The test in determining the applicability of the doctrine of piercing the veil of corporate fiction is as follows:

  1. Control, not mere majority or complete stock control, but complete domination, not only of finances but of policy and business practice in respect to the transaction attacked so that the corporate entity as to this transaction had at the time no separate mind, will or existence of its own;
  2. Such control must have been used by the defendant to commit fraud or wrong, to perpetuate the violation of a statutory or other positive legal duty, or dishonest and unjust act in contravention of plaintiffs legal rights; and
  3. The aforesaid control and breach of duty must proximately cause the injury or unjust loss complained of.

The absence of any one of these elements prevents piercing the corporate veil. in applying the instrumentality or alter ego doctrine, the courts are concerned with reality and not form, with how the corporation operated and the individual defendants relationship to that operation.

The question of whether a corporation is a mere alter ego, a mere sheet or paper corporation, a sham or a subterfuge is purely one of fact.

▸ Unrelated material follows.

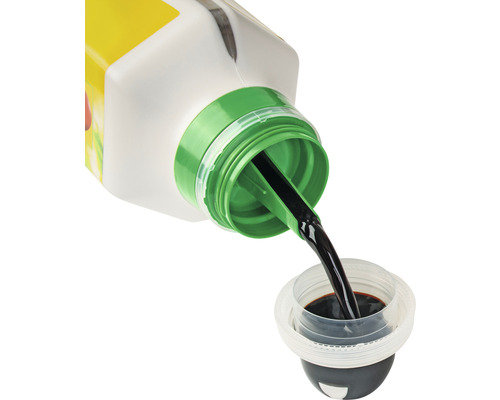 Tekuté záhradné hnojivo sa leje do odmerky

Clearly, petitioner ceased its business operations in order to evade the payment to private respondents of backwages and to bar their reinstatement to their former positions.

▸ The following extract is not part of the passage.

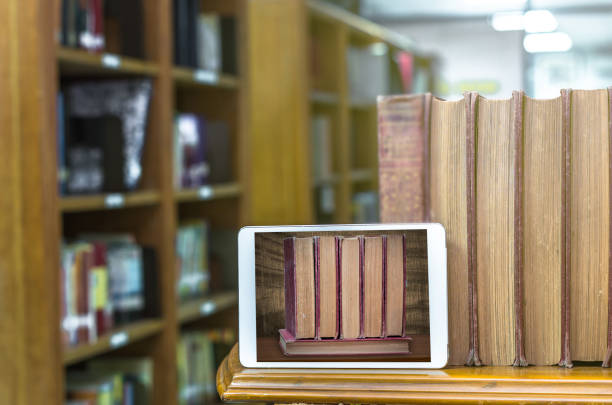 istock Tablet computer with old books on the wood table in library, Education concept 838583382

HPPI is obviously a business conduit of petitioner corporation and its emergence was skillfully orchestrated to avoid the financial liability that already attached to petitioner corporation.

It is very obvious that the second corporation seeks the protective shield of a corporate fiction whose veil in the present case could, and should, be pierced as it was deliberately and maliciously designed to evade its financial obligation to its employees.